§ What to do
Nothing but the lines from the one containing "At this point" through the one containing "Ensuite, il faudra", both included, should be given again, each exactly as written below.

§ Material for this task
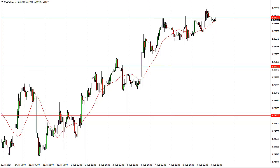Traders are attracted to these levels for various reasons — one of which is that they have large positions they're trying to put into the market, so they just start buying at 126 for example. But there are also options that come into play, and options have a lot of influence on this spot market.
...
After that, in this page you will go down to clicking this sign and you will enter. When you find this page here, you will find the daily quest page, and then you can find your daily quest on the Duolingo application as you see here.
---
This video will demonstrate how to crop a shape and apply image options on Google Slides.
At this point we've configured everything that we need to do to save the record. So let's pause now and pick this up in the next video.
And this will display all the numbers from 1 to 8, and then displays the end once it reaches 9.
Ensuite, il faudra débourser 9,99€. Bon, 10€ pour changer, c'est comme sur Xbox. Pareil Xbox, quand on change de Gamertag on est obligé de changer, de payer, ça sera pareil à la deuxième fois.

§ Output
At this point we've configured everything that we need to do to save the record. So let's pause now and pick this up in the next video.
And this will display all the numbers from 1 to 8, and then displays the end once it reaches 9.
Ensuite, il faudra débourser 9,99€. Bon, 10€ pour changer, c'est comme sur Xbox. Pareil Xbox, quand on change de Gamertag on est obligé de changer, de payer, ça sera pareil à la deuxième fois.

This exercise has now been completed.